Paris – Ed. Lethielleux – 2015 – 386 p.
Le « Chef » d’un établissement catholique d’enseignement est un personnage complexe : au regard du droit civil et en tant que directeur d’une instance privée, il est celui par qui celle-ci peut exister ; face au droit canonique, et en tant que chargé d’une école catholique, il tient sa fonction de l’autorité de l’Évêque, par qui ou avec l’accord de qui, il y a été nommé ; aux yeux de l’État et en tant que responsable d’un établissement éventuellement sous contrat, il est astreint aux stipulations de la loi de 1959, tout en devant satisfaire simultanément aux exigences d’un « caractère propre » défini par sa référence à l’Evangile. Tout cela ne va pas de soi et justifie d’éclairer les modalités d’articulation de ces diverses données. Tel est précisément l’objet de cet ouvrage, issu d’une thèse de doctorat en sciences de l’éducation, qui cherche « en quoi consiste la mission du chef d’Etablissement Catholique d’enseignement en France » (p. 26).
A cette fin, M. de Bannes expose les modalités d’élaboration et les principales dispositions du Statut de l’Enseignement Catholique, promulgué en juin 1973. Il rappelle opportunément que, tout en constituant une exigence légale, l’accueil d’élèves de toutes origines, dans l’entier respect de la liberté des consciences, est d’abord et surtout une volonté pastorale délibérée de l’Église, qui veut offrir à tous la possibilité de vivre dans un climat chrétien et de connaître Jésus-Christ (pp. 81-82-83). Et ce n’est point là une offense à la liberté, car un choix éclairé des valeurs est subordonné à une information minimale, de sorte que celle-ci, loin de menacer la liberté, en est au contraire la condition.

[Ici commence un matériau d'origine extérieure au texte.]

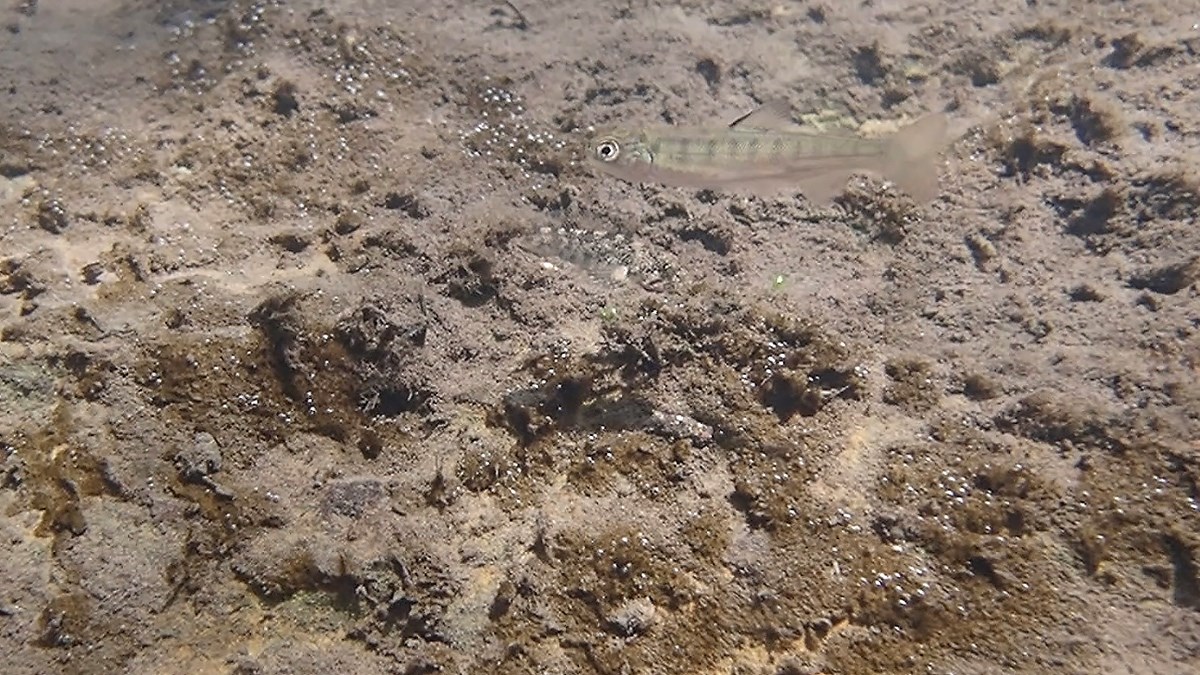 Small, silvery-green fish with big eyes and dark vertical banding along its body, a few inches above a silty streambed. The triangular outline of a sculpin, almost totally camouflaged with the streambed, can just be made out beneath it.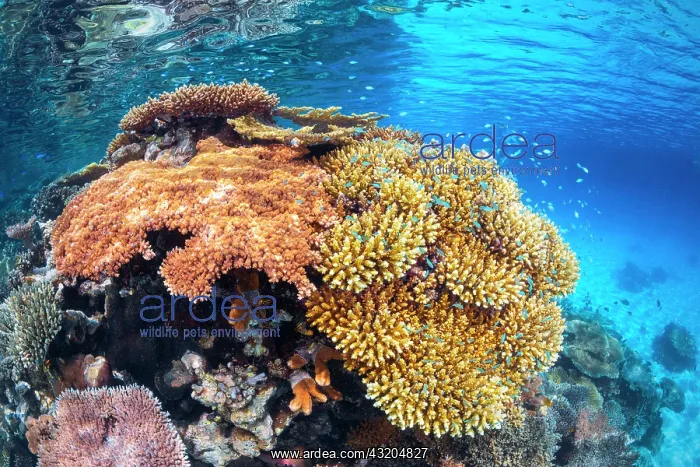 : North reef of Mayotte, not far from the Langonie : North reef of Mayotte, not far from the Langonie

Sur de nombreux points, l’ouvrage apporte des données importantes et ouvre des voies pertinentes de réflexion. En particulier, il met bien en relief le renouveau de l’intérêt pour l’Ecole, notamment de la part de l’Episcopat, après l’éclipse due aux événements de 1968 : elle est en effet redécouverte en tant que lieu de l’action pastorale. M. de Bannes souligne ici l’exigence d’un référentiel chrétien explicite, que d’aucun auraient tendance à négliger, voire à scotomiser, au bénéfice d’un alignement sur la pédagogie officielle. Il note aussi l’évolution de l’attente familiale, plus sensible à la qualité relationnelle qu’à la donnée proprement religieuse, et les ajustements que cela requiert.
La 4ème partie est centrée sur la finalité de l’Ecole Catholique, qui est nécessairement la promotion de la personne humaine et son « éducation intégrale » qui -faut-il le rappeler ?- comporte d’honorer sa dimension spirituelle. Ces pages sont bienvenues, car il est devenu opportun de localiser avec précision le -ou les- sens de ces formules, que l’on mobilise volontiers mais en négligeant de s’interroger sur leur signification précise comme sur les modalités de leur mise en œuvre. On regrettera seulement que ces chapitres soient trop longs et débordent leur objet par des développements qui s’en écartent abusivement ; ainsi en va-t-il du passage sur St Ignace de Loyola, si intéressant soit-il intrinsèquement.
Aussi bien cette remarque porte sur tout l’ouvrage. L’auteur semble redouter tellement d’être mal compris qu’il multiplie les explications, les précautions de forme, les justifications et les redites, et cela dans un style pesant, qui perturbe la lecture et adoptant un ton trop « scolaire ». Cela est dommage car cette publication s’inscrit dans une démarche d’appropriation du nouveau Statut, auquel il apporte néanmoins une contribution qu’une écriture plus dynamique aurait accrue. Il reste que, dans une société dont, après tant d’autres, il dit le déclin et la tendance proprement dépressive, M. de Bannes rappelle avec clarté quelles finalités donnent sens à l’Ecole Catholique et, plus largement, à l’éducation.